**Instructions to follow**
There is a line containing "Capezio Dance Kinder Rucksack Lila" in the records below. Repeat it and every line after it, exactly, through the final line, but no pictures.

**Data section**

════════════════════

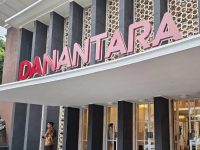 Tampak depan kantor BPI Danantara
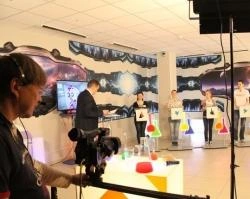 На пермском телевидении стартует четвертый сезон игры «Уралхимики» | 59.ru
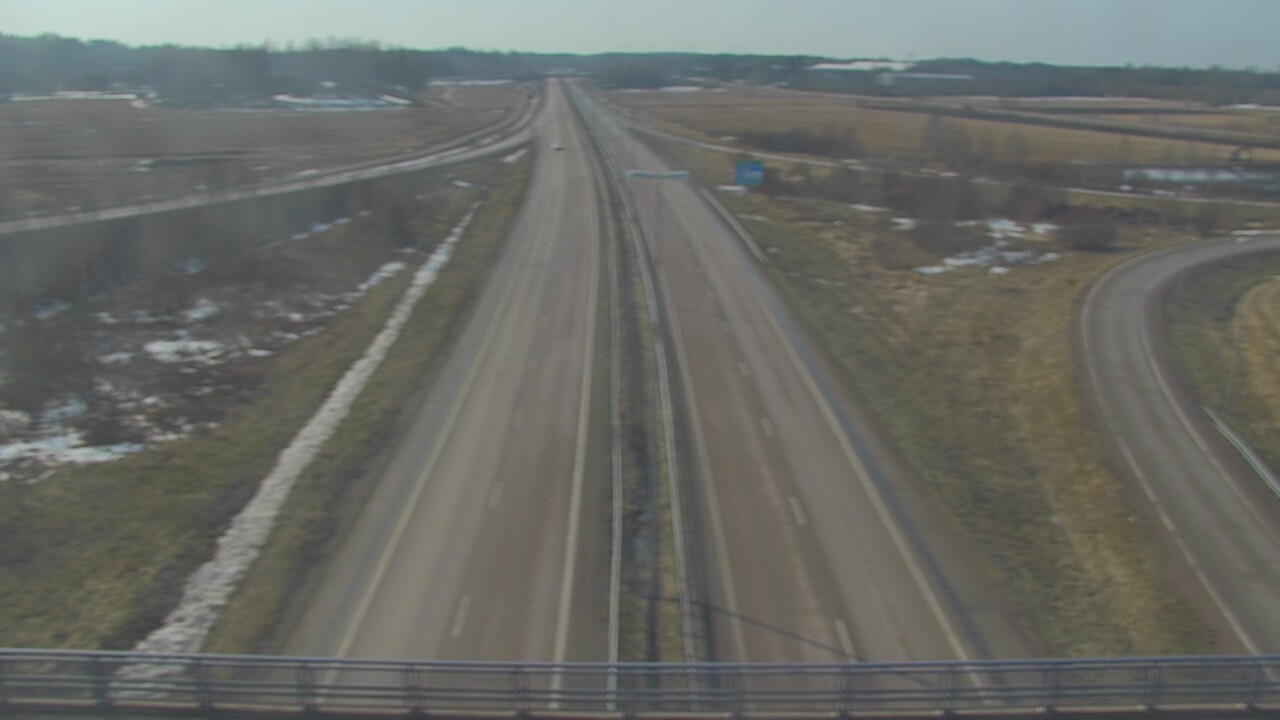 Weather Camera Image Road 7 Hamina, Ruissalo, Hamina, Kymenlaakso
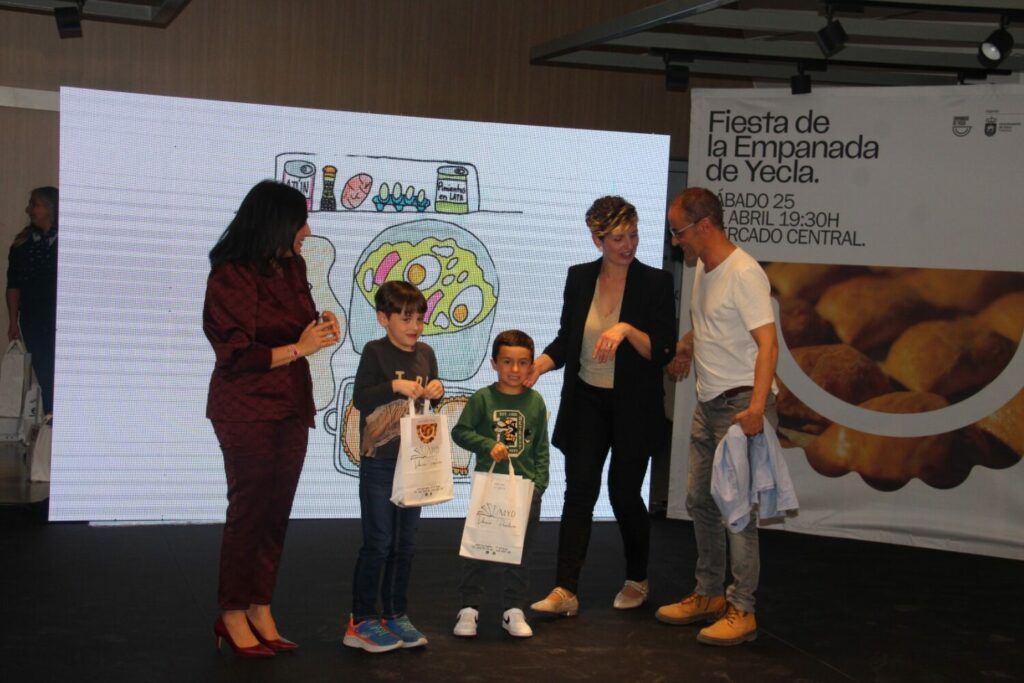 feria de la empanada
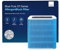 BLUEAIR Blue Pure 211+ Series AllergenBlock Filter, Genuine Replacement, Blueair Filter Allergies, Pet Dander, Pollen, Dust, Blue Pure 211+ Series AllergenBlock Filter Fits Blueair 211+ and 211+ Auto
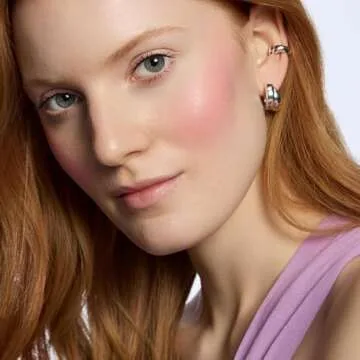 Catrice | Blush Affair Cream & Powder Palette | Highly Pigmented Radiant Cream & Soft Matte Powder | Vegan & Cruelty Free (010 Stunning Strawberry)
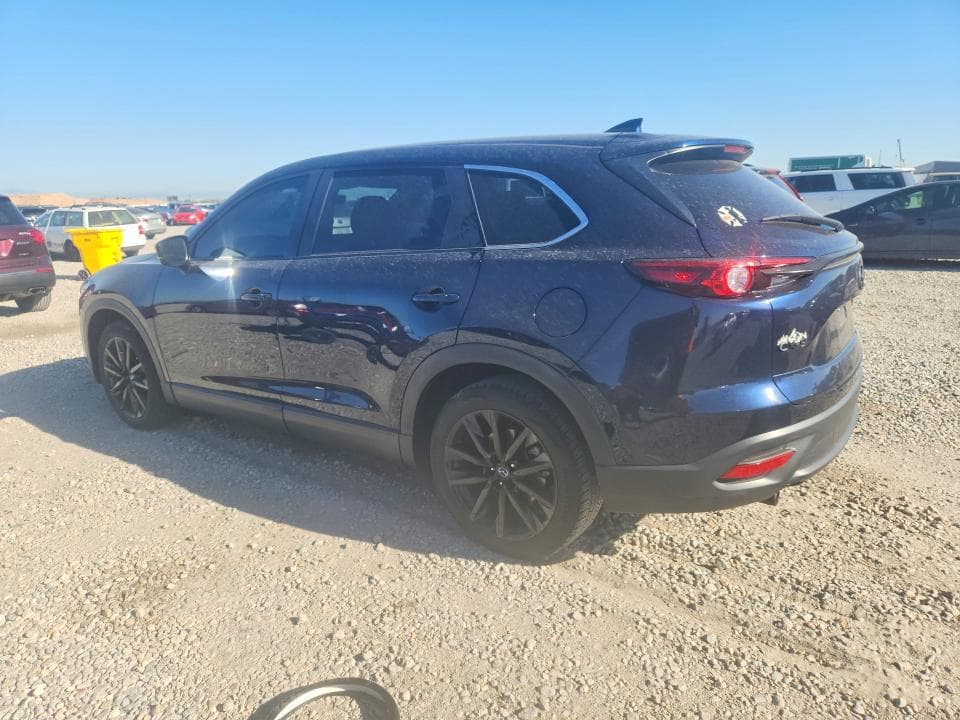 2023 MAZDA CX-9 TOURING PLUS 2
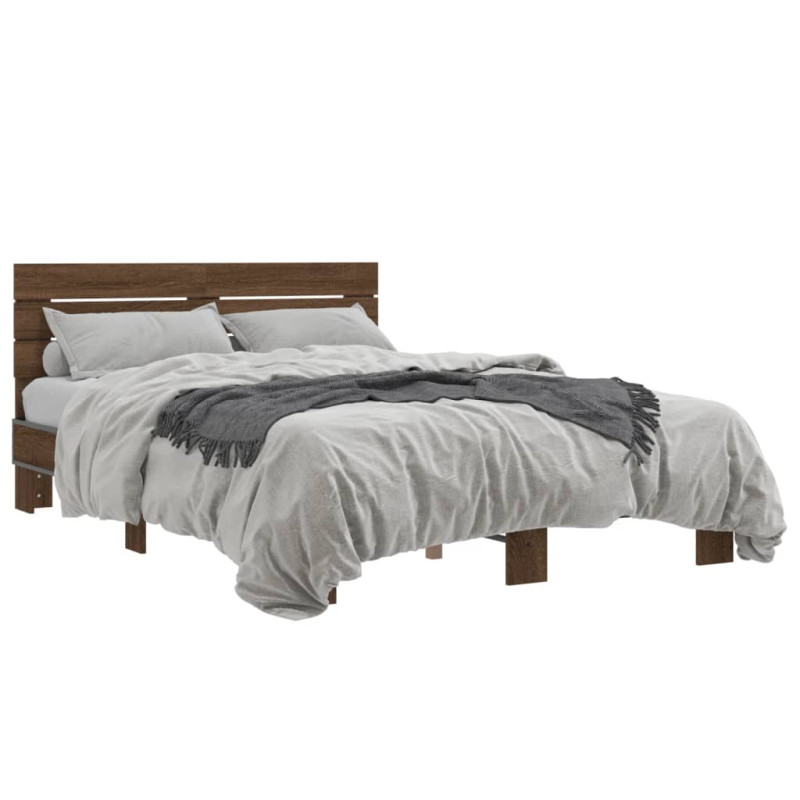 stradeXL Bed Frame without...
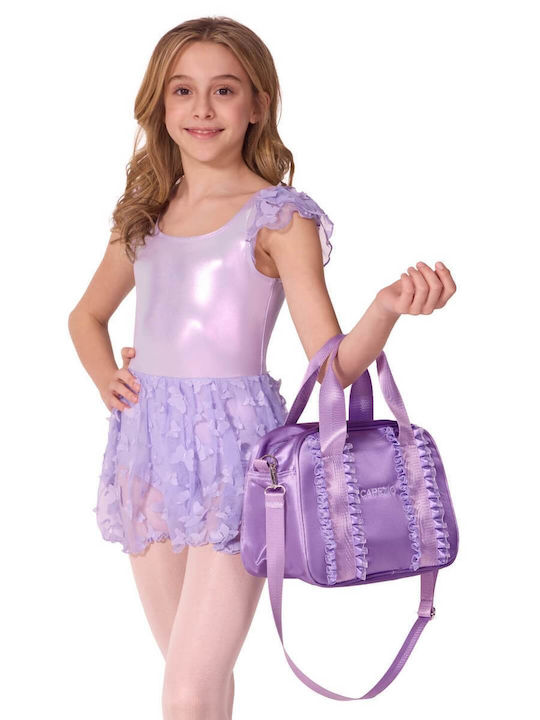 Capezio Dance Kinder Rucksack Lila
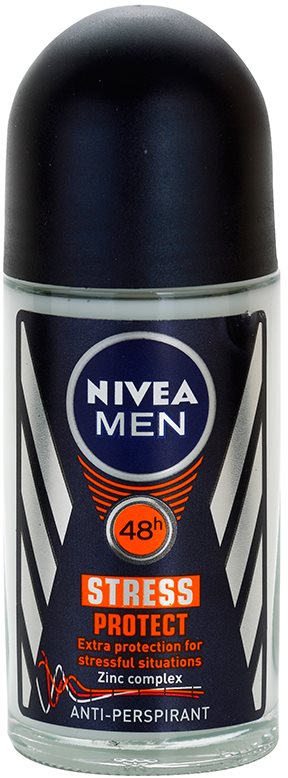 Nivea Men Stress Protect antiperspirant roll-on pro muže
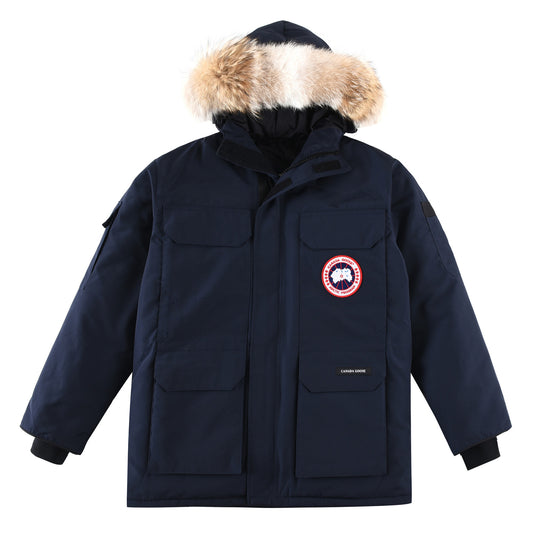 Canada Goose Expedition Parka in Navy Өвлийн сөдөн куртикнууд бэлэн ирлээ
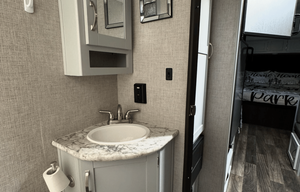 2019 Keystone RV Bullet 211BHSWE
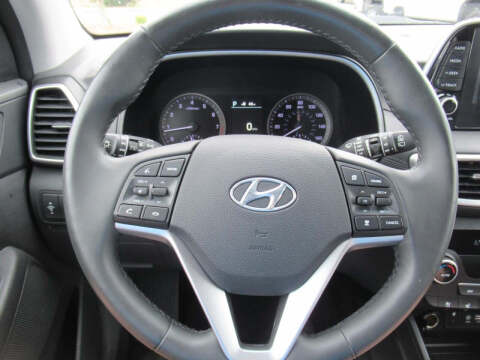 2019 Hyundai Tucson Ultimate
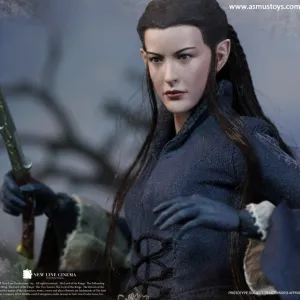 Sculpted Art Casual Fan Asmus Toys The Lord of the Rings Arwen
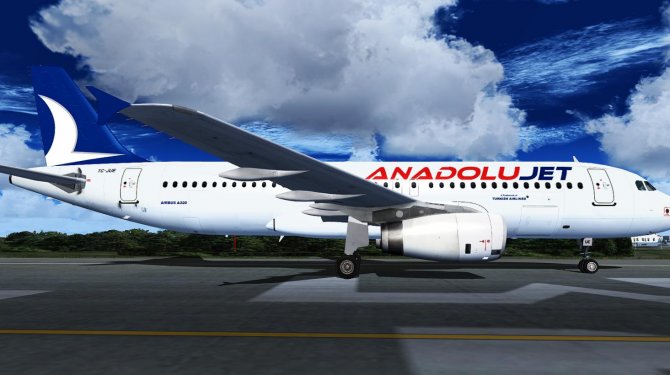 AnadoluJet'ten büyük kampanya
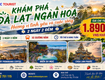 đà lạt 2n2đ
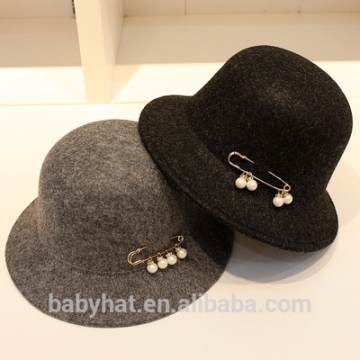 Custom laby woolen hat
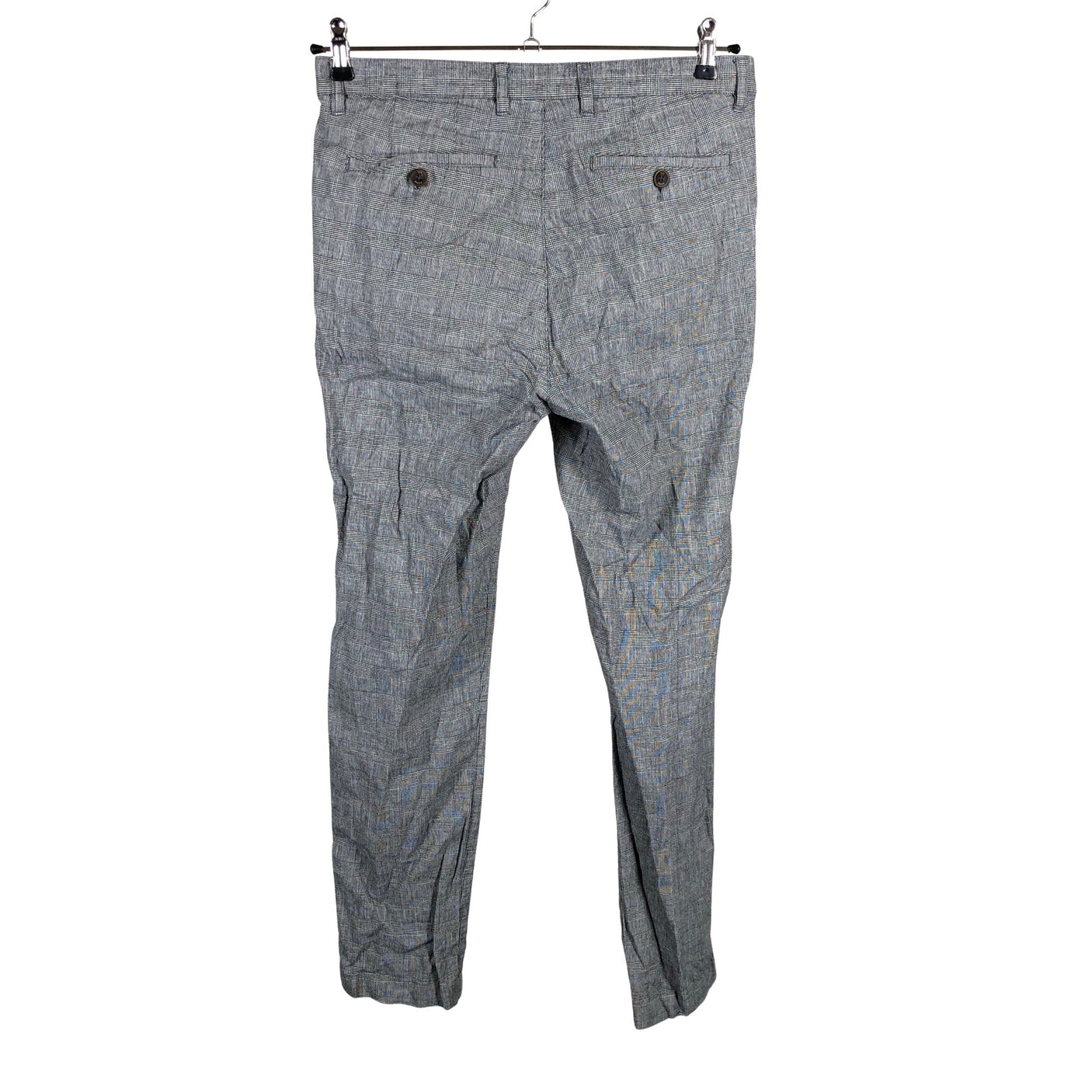 Miesten Ted Baker - Chinot, koko W32 - Harmaa (2)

════════════════════

**Answer box**
 Capezio Dance Kinder Rucksack Lila
 Nivea Men Stress Protect antiperspirant roll-on pro muže
 Canada Goose Expedition Parka in Navy Өвлийн сөдөн куртикнууд бэлэн ирлээ
 2019 Keystone RV Bullet 211BHSWE
 2019 Hyundai Tucson Ultimate
 Sculpted Art Casual Fan Asmus Toys The Lord of the Rings Arwen
 AnadoluJet'ten büyük kampanya
 đà lạt 2n2đ
 Custom laby woolen hat
 Miesten Ted Baker - Chinot, koko W32 - Harmaa (2)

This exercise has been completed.